Wednesday, March 23, 2016

Wordbirds, 7



This new series--"Wordbirds"--arises from a journey I will take through my Webster's 3rd Dictionary. What I will do: I'll look on the first page for each letter, and the first word that flies up at me (because I don't know it, because I just think it's interesting, etc.) becomes the subject for that day's doggerel. I will move through letter z, then work my way back again, the second time using the last page of each letter's section of Webster's. Let's see what happens ...


Words that flew into my life from Webster’s 3rd


Gabriel ratchet: noun 
the cries of migrating wild geese flying by night which are often popularly explained as the baying of a supernatural pack of hounds and to which various superstitious significances (as forebodings of evil) are attributed

Middle English Gabrielle rache, from Gabriel, one of the seven archangels, the herald of good tidings (Luke 1), thought of as blowing a trumpet on Judgment Day + rache hound 

Oh, yes, all that he heard in the darkest of night
Was the sound in the sky—and it didn’t sound right.

“It’s just geese,” said his wife, who was always so calm.
“Not it ain’t!” he declared. “It’s a drone with a bomb!”

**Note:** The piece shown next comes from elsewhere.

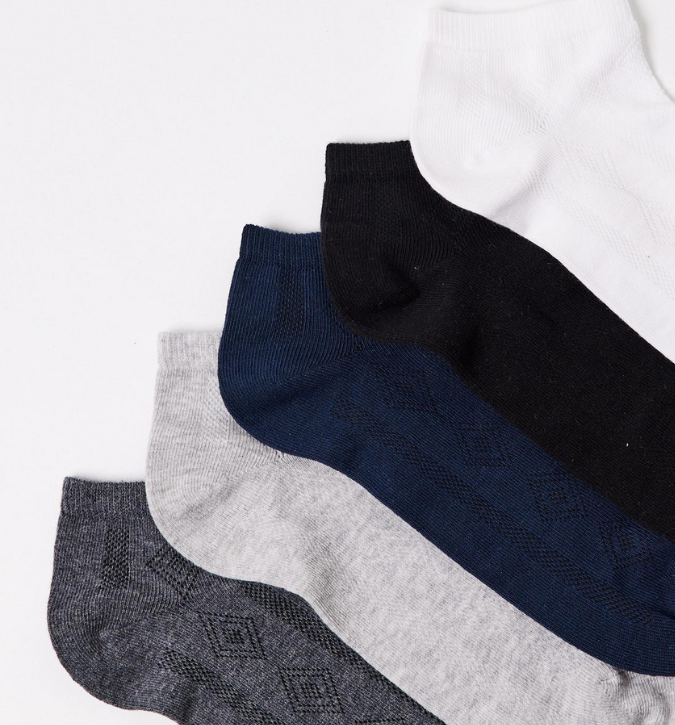 طقم جوارب رجالية مطرزة (5 أزواج) – أناقة يومية وراحة مثالية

Then his wife only yawned, and she turned in her bed,
While her husband lay frightened with dread in his head.

And when morning arrived, she awoke—he was gone!
And a cop then informed her, “He’s out on the lawn,

Where’s he’s totally naked—from head to his butt.”
And she said, “Yes, I guess—he’s a very cracked nut.”

So the moral is simple: For marital peace,
You must simply ignore all the honking of geese!